来日後初ゴールを決めたデニス・ヒュメット【写真:柳瀬心祐】
来日後初ゴールを決めたデニス・ヒュメット【写真:柳瀬心祐】

G大阪の助っ人FWヒュメットが待ちに待った初ゴール

 ついに目覚めの時だ。ガンバ大阪は4月29日、J1リーグ第13節で京都サンガF.C.と対戦して、2-1で勝利。3試合ぶりの白星に導いたのは1ゴール1アシストのFWデニス・ヒュメットと、先制ゴールを決めたFW宇佐美貴史の新コンビだった。ヒュメットは加入後8試合目で念願の初得点。ユニフォームを脱いで喜びを爆発させ、自身の“ヒーロー”バットマンのパフォーマンスを披露した。そして、カメラに向かって発した一言。その言葉には異国で暮らす家族へ大切なメッセージが込められていたーー。

「アイラブユー」

 カウンターから1人で持ち込んだシュートがネットを揺らした。1点リードの前半27分、自陣で宇佐美がボールを奪うとパスはヒュメットの元へ。1度、宇佐美に預けてから再び受けると左サイドを切り裂いて自身で決め切った。喜びを爆発させて思わずユニフォームを脱ぐ。「バッドマン」のパフォーマンスを披露したヒュメットがカメラを指差して叫んだ。その言葉が「アイラブユー」だった。
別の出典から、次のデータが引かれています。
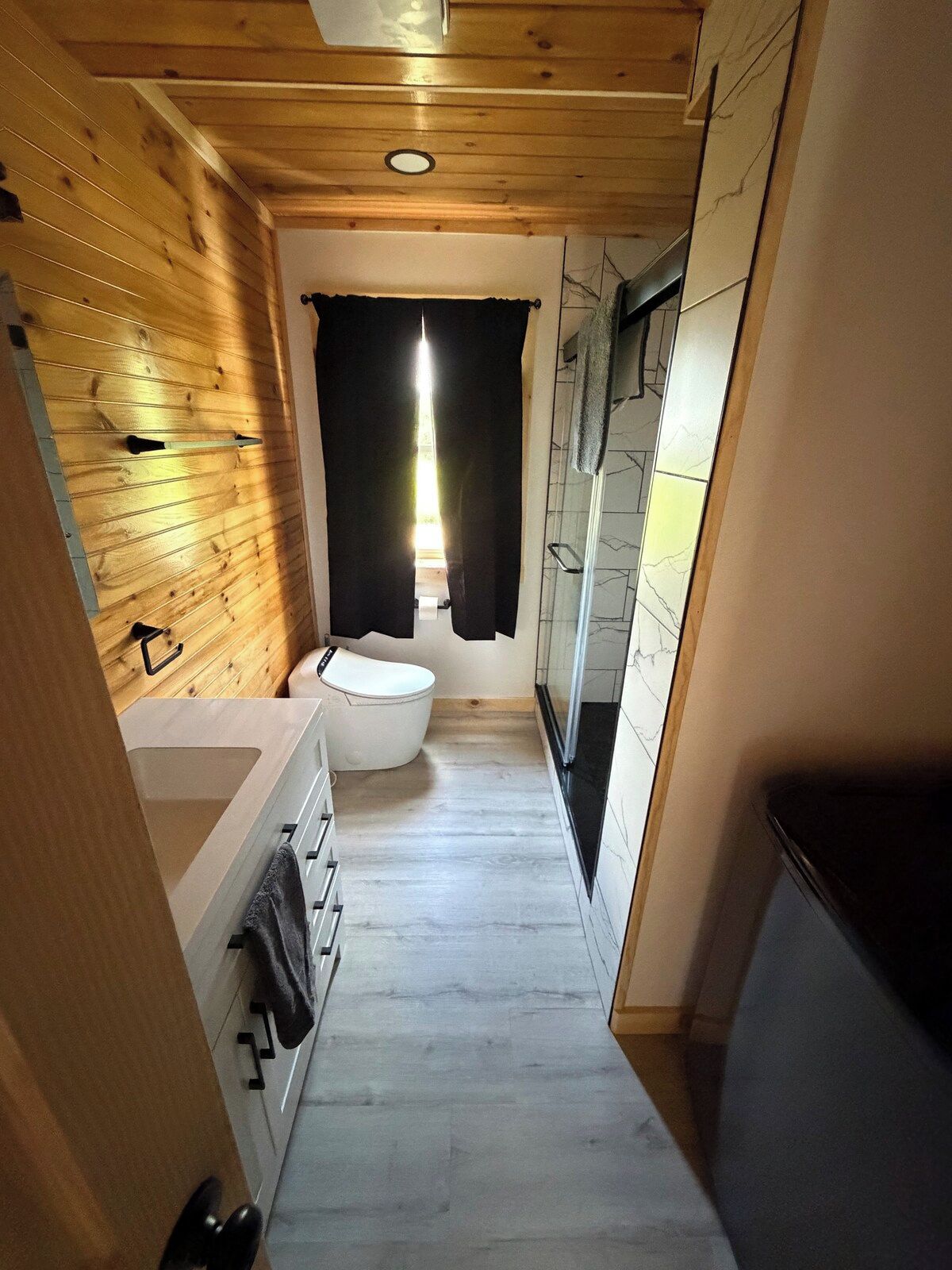 A narrow bathroom with a wooden ceiling, a white toilet, a sink with a towel, and a glass shower enclosure.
「自分はガンバにいる選手で、ガンバの中でこのようにプレーできて、もちろんガンバのために残るし、ガンバのためにプレーするのは間違いない。ただ、その反面やっぱり家族の健康上の問題とか、色々な問題が本当に遠いところで起きるというとやっぱり悲しみというのは感じる」

 実は現在ヒュメットの父が体調不良。ヒュメット本人も気に病んでいた。「ただ、でも自分もそういうような状況も乗り越えないといけないと思う。今日、自分の父にも届けられたのかなという風に思っています」。カメラ越しに伝えたのは異国で奮闘する父、兄弟へ向けての愛だった。

 ここまで、加入後8試合では先発が3試合目。ベンチを温めて終わる日もあれば、途中からの短い時間で結果を求められる時もあった。目にみえる数字を出せず、チームメイトも“生かし方”を完全に掴みきれずにいた。この日は宇佐美との縦関係で良いコンビネーションを見せ、2人の力が集結して生み出した2ゴールだった。

「その日は必ず来るよいうのは信じていたし、わかっていた。そのためにずっと練習をしてきた。このような形で自分の初ゴールというのをホーム、パナスタで、ホームのサポーターの前で決められたというのは非常に嬉しい」

 スウェーデンからやってきたトルコ人の189cm長身助っ人。家族の思いを背負い、青黒を身に纏ったヒュメットはより一層大きく、逞しく見えた。